Tomemos o exemplo das inúmeras propostas para “solucionar” o transporte de massa entre as quatro cidades mencionadas neste artigo. Cotidianamente, tais propostas são apresentadas com a maior naturalidade, ainda que não respondam às questões mais básicas. Que problema esta solução busca resolver? Por que o edital de contratação deste projeto salvador privilegia determinada alternativa tecnológica, omitindo ou restringindo a comparação com outras? Onde estão os estudos e o planejamento que orientarão os investimentos necessários?

 

Enquanto nos deixamos iludir ou distrair por tais promessas, um tempo precioso do desenvolvimento da cidade é desperdiçado. Ao passo que se acumulam e agravam os inconvenientes da vida urbana, a pressão será cada vez maior sobre o cidadão. Cedo ou tarde, cada um precisará desenvolver uma visão crítica, capaz de avaliar e perceber a precariedade dos projetos de enfrentamento destas intrincadas questões coletivas e, quem sabe, finalmente, dar um basta a tanto simulacro de planejamento.

 

* Edson Cattoni, arquiteto e urbanista, presidente do Instituto de Arquitetos do Brasil – Departamento Santa Catarina (IAB-SC).

fonte: Diário Catarinense – Caderno Continente

7 respostas para “Até quando seguiremos sem planejamento urbano e regional?”

  1. Avatar de Celio Luiz Sabbi
    Celio Luiz Sabbi

    Muito valioso e coerente o questionamento do arquiteto Edson Cattoni a respeito da urgencia de um planejamento integrado para a Região Metropolitana de Florianópolis.
    Os problemas cada vez mais exigem soluções pensadas conjuntamente,
    acima das vaidades políticas, com as devidas implicações de vizinhança.
    Celio Luiz Sabbi, arquiteto

  2. Avatar de Vania Burigo

    Muito importante a reflexao do arq Cattoni sobre a falta de planejamento regional na Grande Florianopolis.
    A existencia de um forum, um orgao de planejamento regional para discutir as questoes de forma integrada , se faz necessaria.
    Vania Burigo-arquiteta

  3. Avatar de GIOVANI BONETTI
    GIOVANI BONETTI

    Gostaria de parabenizar o colega Cattoni pelo brilhante texto.
    Sou solidário ao pensamento do colega, e quero salientar que uma de nossas propostas na AsBEA, é a luta por um Conselho Intermunicipal de Planejamento Urbano.
    Proponho que IAB SC e AsBEA SC trabalhem junto nesta proposta.

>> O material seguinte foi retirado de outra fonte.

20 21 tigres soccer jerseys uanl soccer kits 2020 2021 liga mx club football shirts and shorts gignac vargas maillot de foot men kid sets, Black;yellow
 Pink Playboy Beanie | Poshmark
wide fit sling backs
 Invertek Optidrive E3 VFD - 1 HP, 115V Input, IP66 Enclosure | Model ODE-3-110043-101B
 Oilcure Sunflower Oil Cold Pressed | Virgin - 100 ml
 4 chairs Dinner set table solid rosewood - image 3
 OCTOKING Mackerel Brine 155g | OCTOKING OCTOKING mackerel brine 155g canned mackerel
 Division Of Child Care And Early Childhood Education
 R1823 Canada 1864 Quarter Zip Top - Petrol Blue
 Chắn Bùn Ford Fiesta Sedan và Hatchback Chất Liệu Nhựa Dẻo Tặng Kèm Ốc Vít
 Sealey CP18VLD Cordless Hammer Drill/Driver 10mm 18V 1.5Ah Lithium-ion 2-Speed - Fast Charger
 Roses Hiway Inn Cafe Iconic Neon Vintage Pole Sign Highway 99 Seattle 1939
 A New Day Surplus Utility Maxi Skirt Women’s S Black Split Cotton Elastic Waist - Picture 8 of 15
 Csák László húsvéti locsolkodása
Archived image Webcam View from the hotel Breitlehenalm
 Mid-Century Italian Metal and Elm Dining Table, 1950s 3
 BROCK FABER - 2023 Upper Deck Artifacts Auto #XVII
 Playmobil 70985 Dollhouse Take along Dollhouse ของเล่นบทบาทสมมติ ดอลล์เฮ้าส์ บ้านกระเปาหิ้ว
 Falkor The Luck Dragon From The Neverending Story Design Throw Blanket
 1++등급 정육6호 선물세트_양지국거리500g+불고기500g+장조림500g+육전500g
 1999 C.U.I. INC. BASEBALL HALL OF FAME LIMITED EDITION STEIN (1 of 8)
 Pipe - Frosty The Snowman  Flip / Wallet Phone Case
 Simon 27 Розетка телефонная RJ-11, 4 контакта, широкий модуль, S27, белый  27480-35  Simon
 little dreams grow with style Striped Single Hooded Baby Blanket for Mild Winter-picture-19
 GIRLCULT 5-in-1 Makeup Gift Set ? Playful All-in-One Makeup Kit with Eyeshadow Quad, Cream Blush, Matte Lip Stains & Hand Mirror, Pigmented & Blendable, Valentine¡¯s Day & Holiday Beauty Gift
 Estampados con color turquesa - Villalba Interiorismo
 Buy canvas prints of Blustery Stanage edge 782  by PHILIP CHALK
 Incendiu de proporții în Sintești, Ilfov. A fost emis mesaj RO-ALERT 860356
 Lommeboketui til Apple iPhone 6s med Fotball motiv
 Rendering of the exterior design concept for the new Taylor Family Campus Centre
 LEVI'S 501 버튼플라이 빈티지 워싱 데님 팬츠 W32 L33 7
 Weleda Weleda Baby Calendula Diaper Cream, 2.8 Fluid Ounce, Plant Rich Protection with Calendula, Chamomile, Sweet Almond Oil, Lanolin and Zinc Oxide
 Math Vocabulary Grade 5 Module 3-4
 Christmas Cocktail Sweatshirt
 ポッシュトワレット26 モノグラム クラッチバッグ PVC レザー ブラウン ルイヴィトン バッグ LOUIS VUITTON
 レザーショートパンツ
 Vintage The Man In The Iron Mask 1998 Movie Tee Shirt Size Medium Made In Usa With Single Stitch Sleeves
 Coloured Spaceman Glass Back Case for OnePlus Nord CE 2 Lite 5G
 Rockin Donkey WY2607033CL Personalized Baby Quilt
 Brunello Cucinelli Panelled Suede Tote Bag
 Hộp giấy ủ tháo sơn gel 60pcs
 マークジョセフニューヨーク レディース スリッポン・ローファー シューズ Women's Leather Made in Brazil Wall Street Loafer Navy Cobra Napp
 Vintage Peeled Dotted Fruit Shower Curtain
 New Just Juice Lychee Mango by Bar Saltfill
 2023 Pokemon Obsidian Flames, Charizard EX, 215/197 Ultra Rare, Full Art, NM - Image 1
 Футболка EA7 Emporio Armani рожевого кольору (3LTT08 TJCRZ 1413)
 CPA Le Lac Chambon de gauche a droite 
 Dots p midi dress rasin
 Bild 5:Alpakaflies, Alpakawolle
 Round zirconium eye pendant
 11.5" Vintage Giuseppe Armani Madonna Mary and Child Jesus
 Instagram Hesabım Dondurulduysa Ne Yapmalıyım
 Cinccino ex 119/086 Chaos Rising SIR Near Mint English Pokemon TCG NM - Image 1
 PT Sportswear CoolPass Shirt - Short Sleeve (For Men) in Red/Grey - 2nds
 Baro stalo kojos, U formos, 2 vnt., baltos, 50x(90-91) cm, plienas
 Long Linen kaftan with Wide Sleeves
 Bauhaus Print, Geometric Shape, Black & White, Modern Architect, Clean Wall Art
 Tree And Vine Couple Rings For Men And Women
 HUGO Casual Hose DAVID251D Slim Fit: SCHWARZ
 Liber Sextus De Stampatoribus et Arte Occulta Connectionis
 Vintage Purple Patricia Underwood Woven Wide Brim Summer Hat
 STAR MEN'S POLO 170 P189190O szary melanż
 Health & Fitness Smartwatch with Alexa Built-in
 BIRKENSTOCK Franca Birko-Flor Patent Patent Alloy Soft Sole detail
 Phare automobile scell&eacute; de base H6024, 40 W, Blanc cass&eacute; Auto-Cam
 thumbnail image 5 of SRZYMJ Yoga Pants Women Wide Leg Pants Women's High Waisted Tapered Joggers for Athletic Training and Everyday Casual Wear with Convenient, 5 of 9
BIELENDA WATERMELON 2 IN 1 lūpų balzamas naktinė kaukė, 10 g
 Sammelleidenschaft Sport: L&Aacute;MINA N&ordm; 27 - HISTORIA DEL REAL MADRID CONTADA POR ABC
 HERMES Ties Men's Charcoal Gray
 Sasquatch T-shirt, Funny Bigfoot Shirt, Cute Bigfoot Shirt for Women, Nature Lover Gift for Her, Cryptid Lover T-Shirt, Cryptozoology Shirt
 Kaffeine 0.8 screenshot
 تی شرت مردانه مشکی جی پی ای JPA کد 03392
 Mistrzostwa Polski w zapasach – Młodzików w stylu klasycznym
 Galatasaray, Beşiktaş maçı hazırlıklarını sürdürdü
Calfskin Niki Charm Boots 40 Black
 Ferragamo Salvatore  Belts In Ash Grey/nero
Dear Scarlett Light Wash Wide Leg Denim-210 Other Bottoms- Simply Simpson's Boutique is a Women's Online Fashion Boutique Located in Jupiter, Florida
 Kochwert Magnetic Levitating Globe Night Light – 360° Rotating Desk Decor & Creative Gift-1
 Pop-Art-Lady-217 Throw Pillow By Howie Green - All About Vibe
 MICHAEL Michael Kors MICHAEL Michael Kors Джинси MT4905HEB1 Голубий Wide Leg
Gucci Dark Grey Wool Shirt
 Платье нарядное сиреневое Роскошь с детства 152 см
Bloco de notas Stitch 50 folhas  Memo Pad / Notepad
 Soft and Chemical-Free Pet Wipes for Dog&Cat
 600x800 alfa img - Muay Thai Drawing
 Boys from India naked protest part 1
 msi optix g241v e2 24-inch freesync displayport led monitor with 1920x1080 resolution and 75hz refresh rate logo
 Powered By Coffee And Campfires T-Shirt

  4. Avatar de Bruna Salazar
    Bruna Salazar

    Nós também não concordamos com o crescimento desosrdenado!
    Até quando vamos ter que conviver com enchentes, engarrafamentos, favelas, violência…
    Discuta conosco.
    http://www.redefap.com.br/index.php/rede/groups/viewgroup/10-crescer-sem-planejar-nao-da

  5. Avatar de ZULMA SCHUSSEL
    ZULMA SCHUSSEL

    Parabéns Cattoni pelo “desabafo”. Ressalto porém que a situação da RM de Florianópolis é difícil, mas não é apenas uma questão local, mas um problema nacional. É só lermos com atenção o Estatuto da Cidade e verificarmos a importância dada às regiões metropolitanas. Enquanto nos encantarmos com o municipalismo e não observarmos a importância dos aglomerados metropolitanos na rede de cidades brasileiras, as políticas urbanas não conseguirão responder à realidade. O caso dos 4 municípios é exemplar, sem um planejamento integrado, será impossível resolver os problemas urbanos alí instalados.

  6. Avatar de Ana Pokora
    Ana Pokora

    Parabens colega Cattoni pelo exelente depoimento e questionamento. Na qualidade de presidente de nossa entidade IAB, seu posicionamento reflete a opinião e indignação de todos nós profissionais. Esperemos que hajam ouvidos para estas sábias palavras. Abraços

  7. Avatar de Alyson Alves

    Isso serve de início para os passos determinantes para a organização das cidades. Isso é tem que ser uma das prioridades para as entidades da nossa classe. Vamos la!